*** Records supplied Section Begins ***

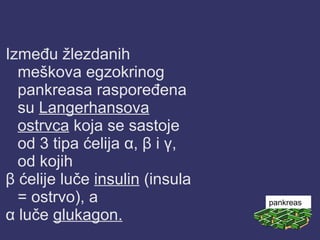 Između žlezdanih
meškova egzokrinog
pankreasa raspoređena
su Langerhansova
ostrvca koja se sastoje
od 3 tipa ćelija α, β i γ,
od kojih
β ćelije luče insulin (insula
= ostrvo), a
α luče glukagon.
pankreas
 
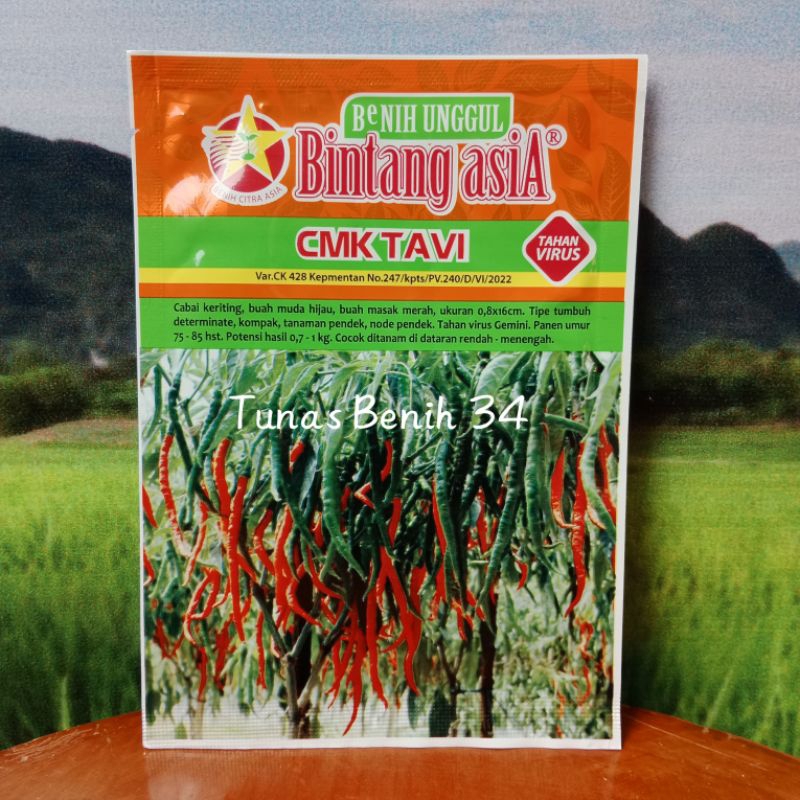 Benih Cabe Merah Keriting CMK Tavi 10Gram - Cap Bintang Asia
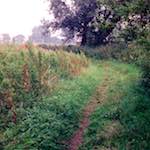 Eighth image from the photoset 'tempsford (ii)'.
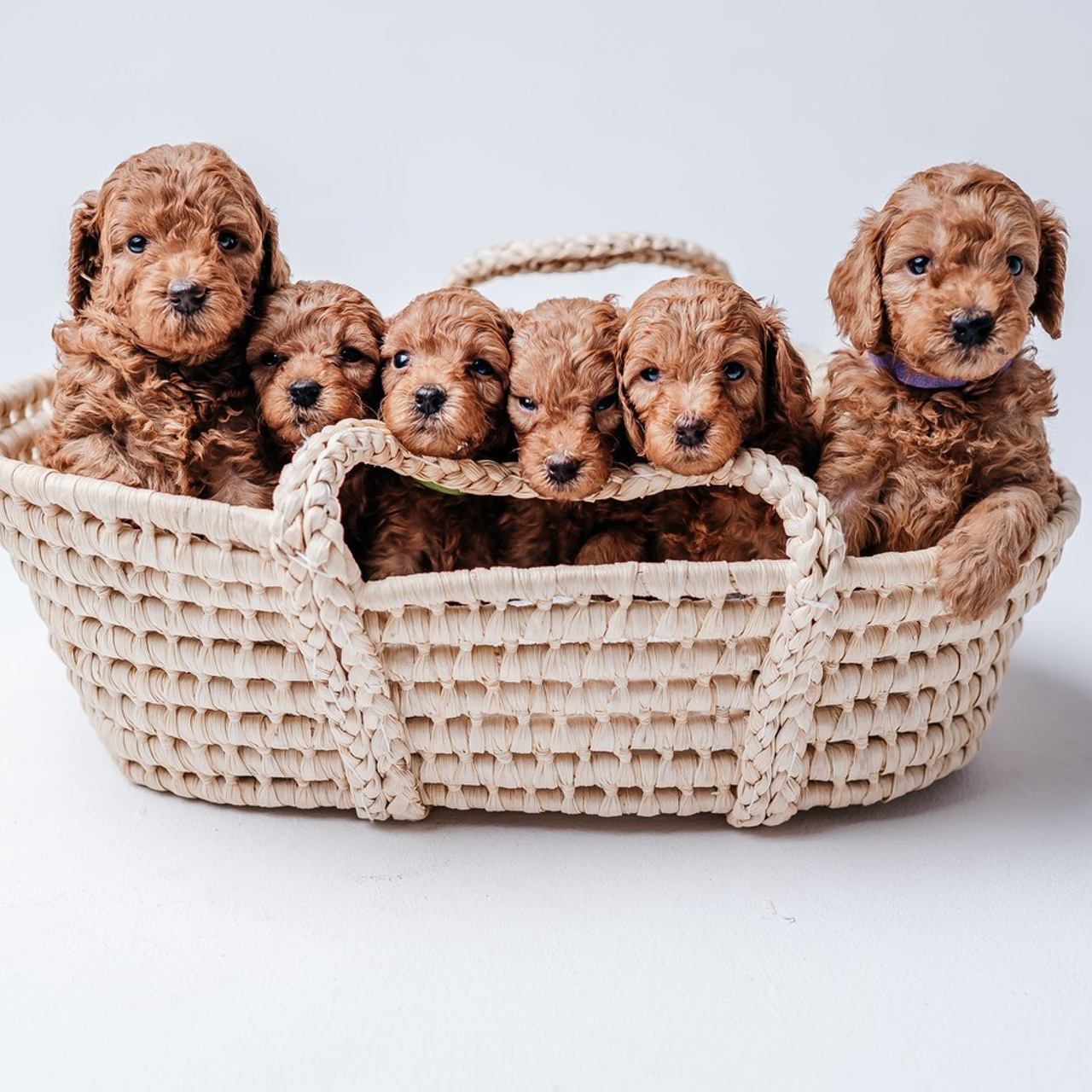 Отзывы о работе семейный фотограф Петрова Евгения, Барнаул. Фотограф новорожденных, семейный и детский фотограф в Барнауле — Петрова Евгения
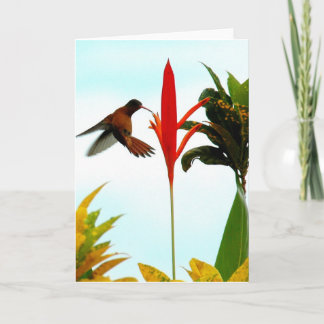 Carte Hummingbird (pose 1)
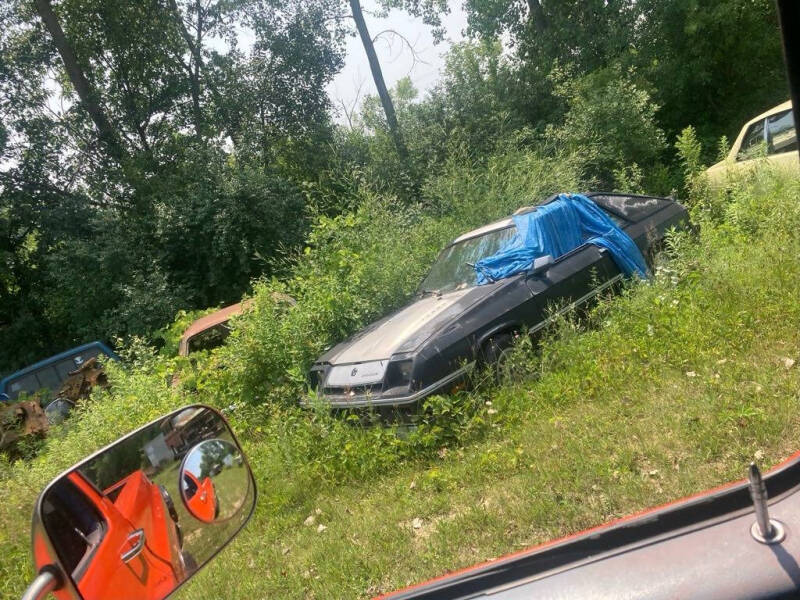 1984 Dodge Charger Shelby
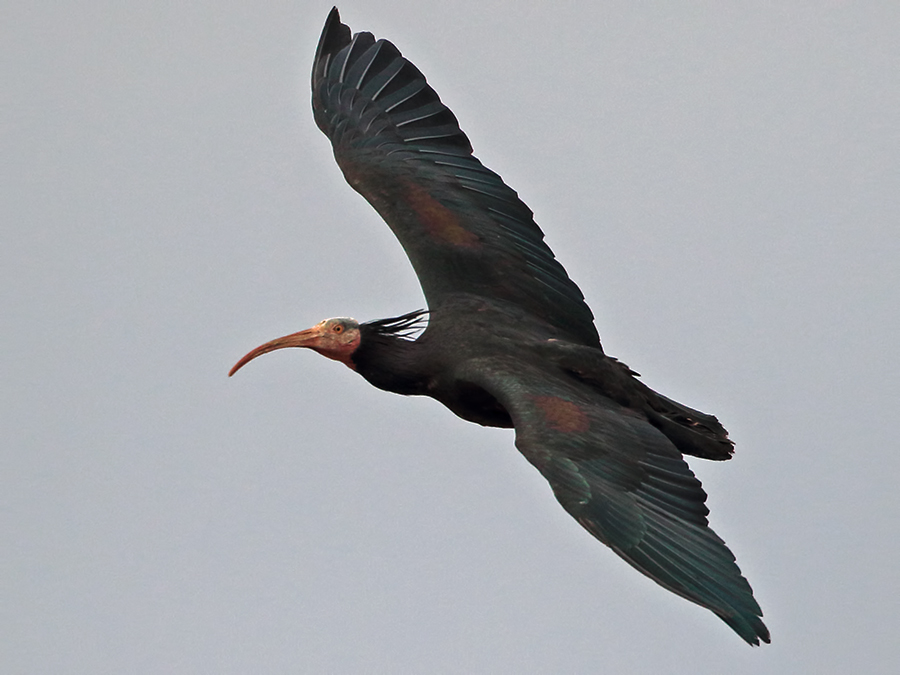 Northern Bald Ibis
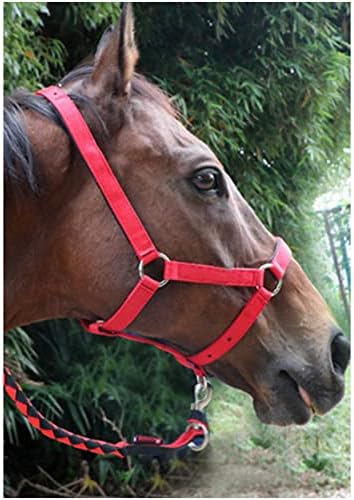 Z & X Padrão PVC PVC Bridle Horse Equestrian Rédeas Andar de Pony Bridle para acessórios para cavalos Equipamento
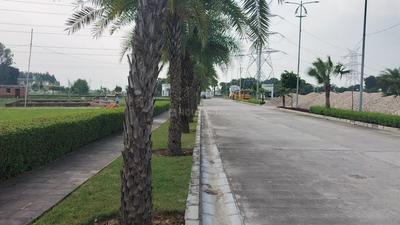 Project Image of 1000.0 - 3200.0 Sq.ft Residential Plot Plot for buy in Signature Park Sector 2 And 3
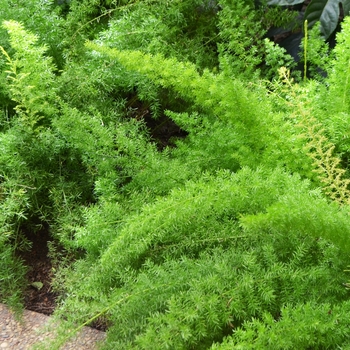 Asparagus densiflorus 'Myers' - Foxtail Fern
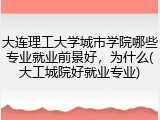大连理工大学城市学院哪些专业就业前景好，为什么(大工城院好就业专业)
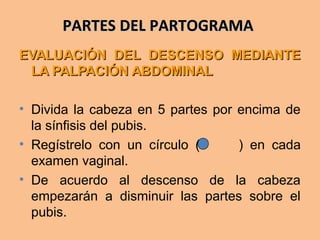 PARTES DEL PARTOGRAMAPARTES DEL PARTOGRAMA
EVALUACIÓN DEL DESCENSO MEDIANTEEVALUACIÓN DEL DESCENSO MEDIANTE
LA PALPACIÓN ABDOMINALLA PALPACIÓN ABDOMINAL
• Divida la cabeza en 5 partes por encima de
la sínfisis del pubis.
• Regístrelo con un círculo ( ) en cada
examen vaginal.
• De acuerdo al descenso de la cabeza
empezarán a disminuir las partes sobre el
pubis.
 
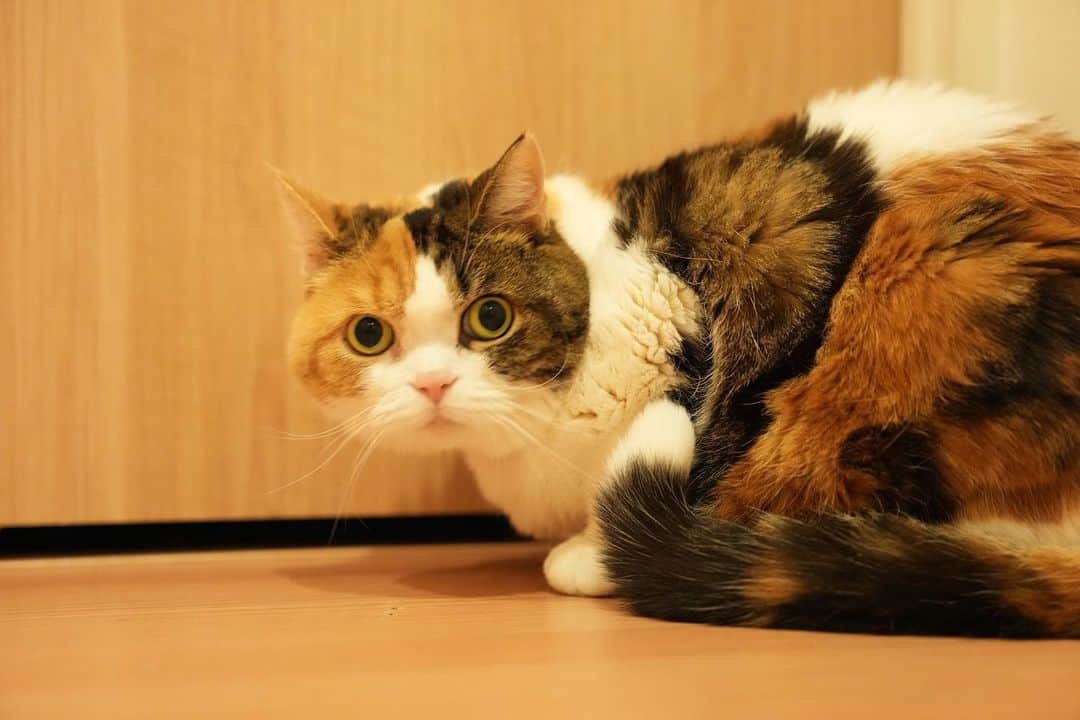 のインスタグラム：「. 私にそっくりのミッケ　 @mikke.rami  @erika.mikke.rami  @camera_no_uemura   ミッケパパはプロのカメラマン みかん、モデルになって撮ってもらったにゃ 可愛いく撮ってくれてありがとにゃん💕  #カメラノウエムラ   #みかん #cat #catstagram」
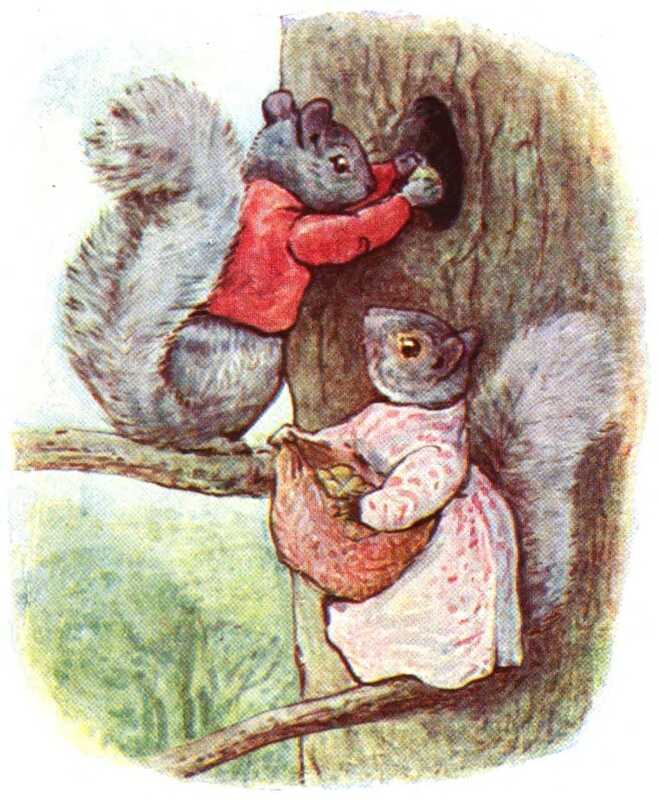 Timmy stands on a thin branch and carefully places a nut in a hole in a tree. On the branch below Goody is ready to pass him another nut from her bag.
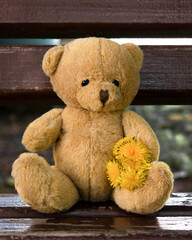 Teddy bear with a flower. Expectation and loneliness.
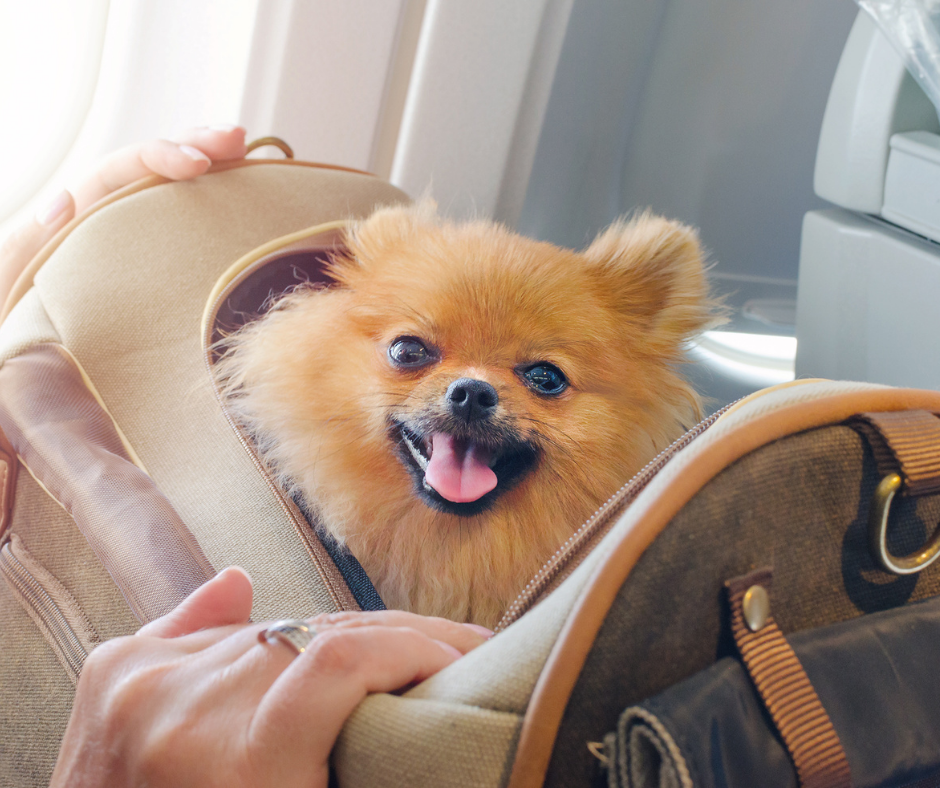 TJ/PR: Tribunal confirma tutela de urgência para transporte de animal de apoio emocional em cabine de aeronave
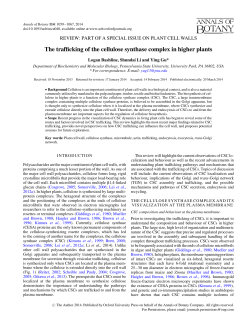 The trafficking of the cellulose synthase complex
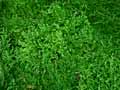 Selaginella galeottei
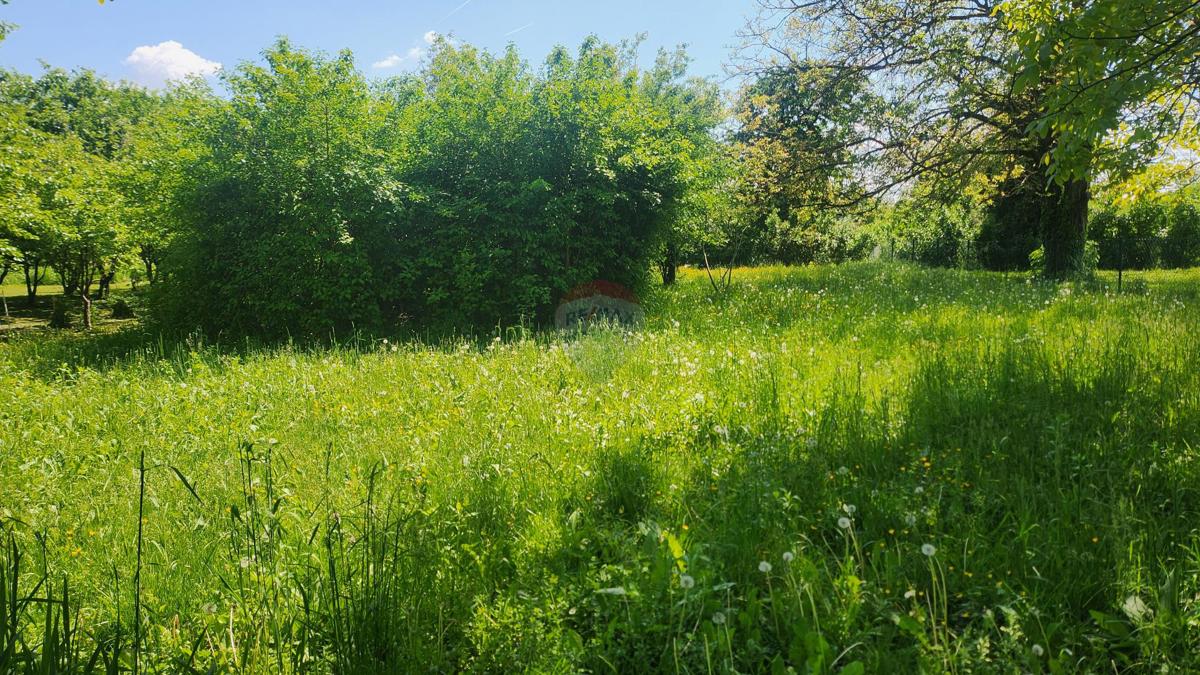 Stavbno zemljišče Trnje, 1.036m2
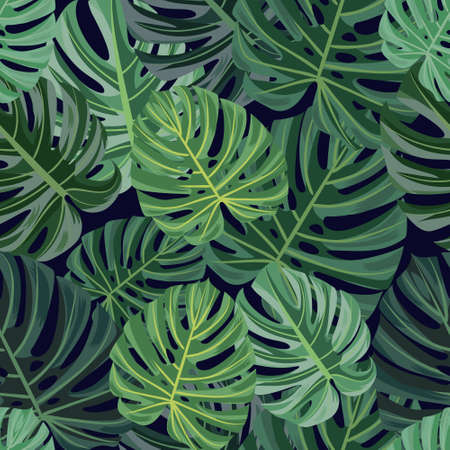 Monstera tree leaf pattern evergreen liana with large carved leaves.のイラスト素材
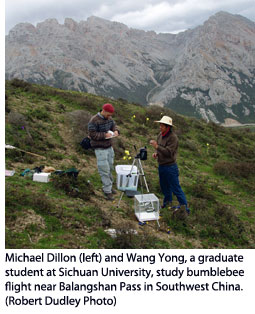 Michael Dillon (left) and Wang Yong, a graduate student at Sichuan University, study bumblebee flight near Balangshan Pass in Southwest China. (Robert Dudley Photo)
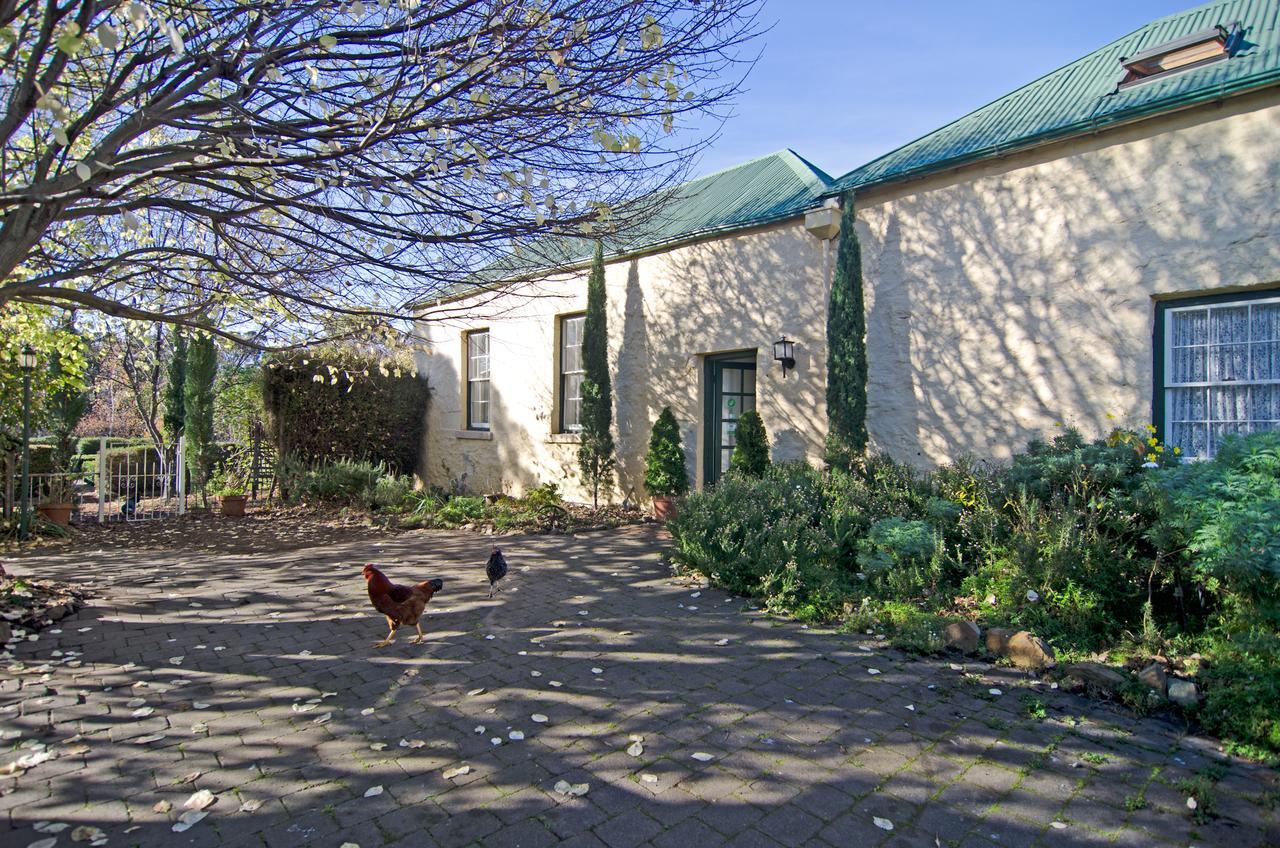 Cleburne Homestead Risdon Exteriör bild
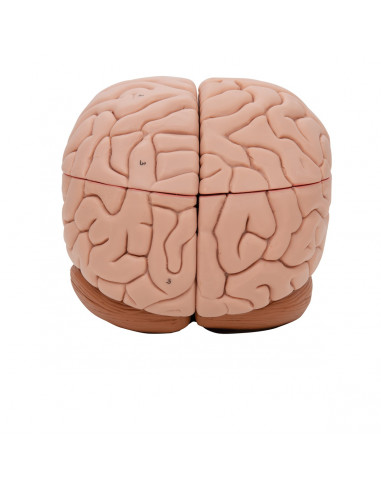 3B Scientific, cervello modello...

*** Records supplied Section Ends ***

## Directions
Look at the records above. Copy every line where the string "luče" occurs.

## Problem solution
β ćelije luče insulin (insula
α luče glukagon.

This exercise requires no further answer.